I was diagnosed with ADHD in January of this year, at the ripe age of 30. And my first thought wasn't relief.

It was…I just told them what they wanted to hear.

I'd paid for a private assessment. I was super nervous for it, weirdly. I then spent two hours yapping away to every question they asked. After the confirmation came that I did in fact have ADHD, I spent the next two weeks convinced it wasn’t true, I had lied to them, and they had just told me I had it because I paid them.

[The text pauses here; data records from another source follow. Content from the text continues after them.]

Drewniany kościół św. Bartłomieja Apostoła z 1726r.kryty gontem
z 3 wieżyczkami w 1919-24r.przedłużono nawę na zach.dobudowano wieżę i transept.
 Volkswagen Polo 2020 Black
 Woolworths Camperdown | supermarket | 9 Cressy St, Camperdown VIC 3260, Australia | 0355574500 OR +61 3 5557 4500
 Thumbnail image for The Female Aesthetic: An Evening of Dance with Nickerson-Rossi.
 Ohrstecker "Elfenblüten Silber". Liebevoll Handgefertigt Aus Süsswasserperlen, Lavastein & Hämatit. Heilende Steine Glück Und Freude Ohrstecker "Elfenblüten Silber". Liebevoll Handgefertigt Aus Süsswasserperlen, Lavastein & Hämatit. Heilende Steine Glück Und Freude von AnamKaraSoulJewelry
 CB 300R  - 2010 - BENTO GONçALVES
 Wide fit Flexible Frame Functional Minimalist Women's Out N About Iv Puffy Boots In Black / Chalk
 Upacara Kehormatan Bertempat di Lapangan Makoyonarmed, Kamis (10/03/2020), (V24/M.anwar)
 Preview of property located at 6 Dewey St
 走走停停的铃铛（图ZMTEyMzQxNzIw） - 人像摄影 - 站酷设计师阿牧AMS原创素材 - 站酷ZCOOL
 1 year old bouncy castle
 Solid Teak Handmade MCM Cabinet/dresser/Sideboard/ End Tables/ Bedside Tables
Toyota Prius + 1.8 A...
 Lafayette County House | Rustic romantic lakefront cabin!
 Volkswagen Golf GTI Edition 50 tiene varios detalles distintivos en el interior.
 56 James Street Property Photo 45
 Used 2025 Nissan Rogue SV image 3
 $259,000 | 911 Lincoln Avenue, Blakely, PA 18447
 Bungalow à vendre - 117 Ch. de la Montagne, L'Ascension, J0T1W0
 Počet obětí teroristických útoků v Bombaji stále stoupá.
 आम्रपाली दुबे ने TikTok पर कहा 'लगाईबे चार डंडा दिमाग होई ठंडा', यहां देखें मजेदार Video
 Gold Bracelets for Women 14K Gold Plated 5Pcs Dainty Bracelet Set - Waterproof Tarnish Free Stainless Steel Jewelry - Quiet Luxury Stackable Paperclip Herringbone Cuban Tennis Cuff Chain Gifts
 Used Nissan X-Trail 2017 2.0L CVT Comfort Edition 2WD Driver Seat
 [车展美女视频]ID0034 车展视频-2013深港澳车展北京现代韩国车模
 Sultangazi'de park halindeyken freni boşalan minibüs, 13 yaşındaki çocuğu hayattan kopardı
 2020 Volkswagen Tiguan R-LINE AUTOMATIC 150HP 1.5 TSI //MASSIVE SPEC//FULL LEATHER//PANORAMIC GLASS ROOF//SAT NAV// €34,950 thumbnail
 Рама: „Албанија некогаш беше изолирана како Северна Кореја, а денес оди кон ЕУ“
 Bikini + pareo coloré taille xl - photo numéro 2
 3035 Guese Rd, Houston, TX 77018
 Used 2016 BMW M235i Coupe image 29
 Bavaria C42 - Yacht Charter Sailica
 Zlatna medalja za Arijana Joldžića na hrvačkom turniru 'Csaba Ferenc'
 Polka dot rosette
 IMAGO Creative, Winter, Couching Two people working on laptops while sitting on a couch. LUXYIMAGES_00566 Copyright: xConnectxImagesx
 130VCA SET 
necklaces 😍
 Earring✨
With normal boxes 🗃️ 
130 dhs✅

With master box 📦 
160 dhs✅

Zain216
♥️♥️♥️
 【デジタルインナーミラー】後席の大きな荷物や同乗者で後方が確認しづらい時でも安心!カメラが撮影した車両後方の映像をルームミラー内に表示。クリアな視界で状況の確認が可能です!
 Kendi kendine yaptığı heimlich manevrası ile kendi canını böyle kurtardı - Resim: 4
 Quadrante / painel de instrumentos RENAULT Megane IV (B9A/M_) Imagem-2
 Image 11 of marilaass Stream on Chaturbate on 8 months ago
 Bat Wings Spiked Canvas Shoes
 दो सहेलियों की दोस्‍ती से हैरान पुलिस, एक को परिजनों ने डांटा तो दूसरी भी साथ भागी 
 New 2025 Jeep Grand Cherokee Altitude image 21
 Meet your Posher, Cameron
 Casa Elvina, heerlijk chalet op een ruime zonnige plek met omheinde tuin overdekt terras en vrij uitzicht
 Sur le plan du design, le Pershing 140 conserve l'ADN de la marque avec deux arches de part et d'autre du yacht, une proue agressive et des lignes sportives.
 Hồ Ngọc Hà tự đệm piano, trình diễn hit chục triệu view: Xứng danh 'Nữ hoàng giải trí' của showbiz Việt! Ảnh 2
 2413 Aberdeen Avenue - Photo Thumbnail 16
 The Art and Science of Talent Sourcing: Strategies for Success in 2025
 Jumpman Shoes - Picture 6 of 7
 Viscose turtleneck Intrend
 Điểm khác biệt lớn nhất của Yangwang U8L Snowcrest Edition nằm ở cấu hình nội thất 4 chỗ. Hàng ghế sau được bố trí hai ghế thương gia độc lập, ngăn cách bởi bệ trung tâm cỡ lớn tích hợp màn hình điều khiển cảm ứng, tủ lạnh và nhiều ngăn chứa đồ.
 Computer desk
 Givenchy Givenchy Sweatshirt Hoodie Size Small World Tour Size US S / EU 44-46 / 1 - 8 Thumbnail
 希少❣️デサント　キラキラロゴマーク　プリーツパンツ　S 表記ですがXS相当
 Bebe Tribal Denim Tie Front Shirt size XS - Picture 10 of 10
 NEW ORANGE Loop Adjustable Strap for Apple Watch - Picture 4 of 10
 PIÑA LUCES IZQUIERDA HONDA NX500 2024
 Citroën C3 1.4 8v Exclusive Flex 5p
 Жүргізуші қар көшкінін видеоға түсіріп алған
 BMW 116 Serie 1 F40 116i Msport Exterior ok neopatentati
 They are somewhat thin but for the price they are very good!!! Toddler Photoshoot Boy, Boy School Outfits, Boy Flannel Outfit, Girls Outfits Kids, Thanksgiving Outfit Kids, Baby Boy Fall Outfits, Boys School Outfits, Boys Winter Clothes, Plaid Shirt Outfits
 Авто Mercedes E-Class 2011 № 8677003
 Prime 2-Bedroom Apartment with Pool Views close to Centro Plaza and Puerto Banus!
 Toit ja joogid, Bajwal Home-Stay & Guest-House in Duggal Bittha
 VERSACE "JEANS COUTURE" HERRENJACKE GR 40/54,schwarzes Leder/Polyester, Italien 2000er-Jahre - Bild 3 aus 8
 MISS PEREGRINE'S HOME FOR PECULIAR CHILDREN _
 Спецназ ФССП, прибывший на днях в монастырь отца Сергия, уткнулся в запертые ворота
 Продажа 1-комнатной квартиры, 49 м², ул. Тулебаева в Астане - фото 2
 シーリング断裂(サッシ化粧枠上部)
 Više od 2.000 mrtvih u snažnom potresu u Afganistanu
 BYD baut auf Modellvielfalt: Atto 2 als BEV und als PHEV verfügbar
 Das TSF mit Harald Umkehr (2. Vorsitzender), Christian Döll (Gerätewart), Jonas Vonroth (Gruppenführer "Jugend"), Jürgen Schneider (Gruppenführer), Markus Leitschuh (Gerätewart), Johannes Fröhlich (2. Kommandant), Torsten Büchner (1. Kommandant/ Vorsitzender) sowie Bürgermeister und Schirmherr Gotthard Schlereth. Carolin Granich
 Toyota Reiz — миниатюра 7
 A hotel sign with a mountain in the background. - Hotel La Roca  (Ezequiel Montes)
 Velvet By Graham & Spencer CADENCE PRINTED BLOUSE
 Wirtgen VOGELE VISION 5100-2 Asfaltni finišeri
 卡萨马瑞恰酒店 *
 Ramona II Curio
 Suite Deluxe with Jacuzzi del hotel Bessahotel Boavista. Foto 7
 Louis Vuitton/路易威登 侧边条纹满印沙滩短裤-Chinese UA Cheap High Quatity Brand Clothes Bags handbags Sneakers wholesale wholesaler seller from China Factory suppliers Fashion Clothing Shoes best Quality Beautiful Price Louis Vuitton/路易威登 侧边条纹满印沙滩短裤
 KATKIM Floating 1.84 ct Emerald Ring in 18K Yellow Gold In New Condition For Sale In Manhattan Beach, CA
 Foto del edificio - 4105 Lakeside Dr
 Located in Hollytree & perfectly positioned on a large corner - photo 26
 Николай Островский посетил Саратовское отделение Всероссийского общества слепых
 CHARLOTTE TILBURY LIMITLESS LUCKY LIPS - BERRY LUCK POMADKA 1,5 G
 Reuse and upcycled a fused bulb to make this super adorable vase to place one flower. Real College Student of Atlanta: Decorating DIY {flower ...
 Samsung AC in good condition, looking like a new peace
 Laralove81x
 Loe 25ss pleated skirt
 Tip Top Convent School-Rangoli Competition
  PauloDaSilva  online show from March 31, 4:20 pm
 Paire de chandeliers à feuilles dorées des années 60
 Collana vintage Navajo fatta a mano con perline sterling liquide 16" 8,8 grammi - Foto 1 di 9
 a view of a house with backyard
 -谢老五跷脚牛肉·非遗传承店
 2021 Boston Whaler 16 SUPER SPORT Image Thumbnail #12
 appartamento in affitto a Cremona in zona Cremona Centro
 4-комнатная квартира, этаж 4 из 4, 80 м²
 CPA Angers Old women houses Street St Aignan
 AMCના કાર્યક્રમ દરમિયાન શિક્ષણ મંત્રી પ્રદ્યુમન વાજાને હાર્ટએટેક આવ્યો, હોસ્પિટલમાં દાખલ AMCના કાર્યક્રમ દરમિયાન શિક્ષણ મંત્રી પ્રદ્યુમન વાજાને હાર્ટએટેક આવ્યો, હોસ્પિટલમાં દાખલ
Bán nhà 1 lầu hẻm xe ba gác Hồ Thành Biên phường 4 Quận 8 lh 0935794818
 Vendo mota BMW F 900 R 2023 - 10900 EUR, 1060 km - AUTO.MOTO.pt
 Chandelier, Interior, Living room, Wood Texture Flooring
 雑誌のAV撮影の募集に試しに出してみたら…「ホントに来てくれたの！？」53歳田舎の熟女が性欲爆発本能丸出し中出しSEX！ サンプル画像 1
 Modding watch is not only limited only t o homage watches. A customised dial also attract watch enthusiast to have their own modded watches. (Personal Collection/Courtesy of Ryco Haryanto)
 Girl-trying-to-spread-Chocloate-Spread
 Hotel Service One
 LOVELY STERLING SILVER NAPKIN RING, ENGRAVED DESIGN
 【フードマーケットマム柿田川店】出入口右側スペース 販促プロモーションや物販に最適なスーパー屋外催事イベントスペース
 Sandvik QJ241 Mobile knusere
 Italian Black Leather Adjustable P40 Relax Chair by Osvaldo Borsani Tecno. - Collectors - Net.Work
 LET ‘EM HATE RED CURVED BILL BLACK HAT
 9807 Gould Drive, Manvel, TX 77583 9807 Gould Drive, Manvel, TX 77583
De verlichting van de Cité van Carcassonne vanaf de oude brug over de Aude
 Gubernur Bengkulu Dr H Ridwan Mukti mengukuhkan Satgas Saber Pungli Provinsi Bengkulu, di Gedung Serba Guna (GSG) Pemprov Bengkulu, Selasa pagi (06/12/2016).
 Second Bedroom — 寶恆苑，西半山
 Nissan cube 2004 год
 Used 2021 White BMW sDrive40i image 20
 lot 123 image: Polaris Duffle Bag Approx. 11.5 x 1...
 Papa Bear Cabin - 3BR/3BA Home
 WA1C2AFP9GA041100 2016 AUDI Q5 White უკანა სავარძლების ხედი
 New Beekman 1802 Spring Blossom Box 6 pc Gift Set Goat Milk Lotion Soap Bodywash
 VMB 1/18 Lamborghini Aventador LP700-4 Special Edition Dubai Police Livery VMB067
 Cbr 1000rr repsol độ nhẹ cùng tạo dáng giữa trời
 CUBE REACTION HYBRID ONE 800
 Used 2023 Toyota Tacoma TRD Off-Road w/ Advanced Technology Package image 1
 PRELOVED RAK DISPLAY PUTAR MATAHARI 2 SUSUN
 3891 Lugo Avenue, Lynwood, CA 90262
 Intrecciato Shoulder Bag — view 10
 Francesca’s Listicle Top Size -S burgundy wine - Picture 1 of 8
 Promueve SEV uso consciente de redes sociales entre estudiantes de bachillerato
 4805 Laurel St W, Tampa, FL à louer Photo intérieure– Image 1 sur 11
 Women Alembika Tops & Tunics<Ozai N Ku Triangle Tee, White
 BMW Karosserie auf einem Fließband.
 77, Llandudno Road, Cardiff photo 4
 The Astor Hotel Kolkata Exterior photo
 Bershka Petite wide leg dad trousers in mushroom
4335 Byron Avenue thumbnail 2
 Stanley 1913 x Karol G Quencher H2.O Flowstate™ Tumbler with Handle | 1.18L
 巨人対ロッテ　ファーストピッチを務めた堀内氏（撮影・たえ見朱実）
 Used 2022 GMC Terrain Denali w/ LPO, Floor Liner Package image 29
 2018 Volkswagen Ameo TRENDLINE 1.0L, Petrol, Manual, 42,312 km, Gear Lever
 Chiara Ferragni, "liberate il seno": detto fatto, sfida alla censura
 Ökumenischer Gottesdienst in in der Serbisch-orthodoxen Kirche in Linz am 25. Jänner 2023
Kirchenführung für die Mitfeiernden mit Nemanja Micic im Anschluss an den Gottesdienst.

Isn’t it funny how our brains work?

I’m Alex Cross, I’m 30 years old, and I’m from the UK I’ve been self-employed, running my own recruitment business for the past 3+ years. I’ve got a wife, who holds almost every part of my life together (I feel for her) while I bounce between hyperfixations and forget to unload the dishwasher. We've got a 3-year-old and a six-month-old. Life is full in every direction.

For most of my teen years and twenties, I thought I was just strange and chaotic. My impulsiveness and obsessiveness were controlling my life. I’m someone who’d decide to learn Spanish randomly, then suddenly it would consume me. Duolingo, books (that never get opened) YouTube rabbit holes, looking at homes in Spain…this would be my life for three weeks. Then, poof - no interest in it.

I have countless examples of things for this.

I know you’re reading this and nodding along, and understand exactly the feeling.

The worst part is, I’d have no brain space for anything else in my life. Work would take a back seat, my family wouldn’t get the full attention from me, as my brain was checked out.

I’d go through (and I still do - it’s something I’m desperately trying to fix) periods of hyperfocusing on work (12-16-hour days) for months. Then completely burn out and have zero interest in anything for a few weeks. Then go again…repeat.

I thought I was just broken. Turns out, I’m different. And there is a word for it.

This newsletter is called Fog Free Fridays. Every week I'm going to tell you about one thing I tried, what actually happened, and what I think it means, even when I have no idea. I'm not a doctor, a coach, or an expert. I'm just someone figuring this out in public and writing it down every Friday.

Sharing what works (and mostly what doesn’t work) so we can figure it all out together.

I tried a day off my Elvance for the first time ever this week, i’ll talk about that on Friday’s edition.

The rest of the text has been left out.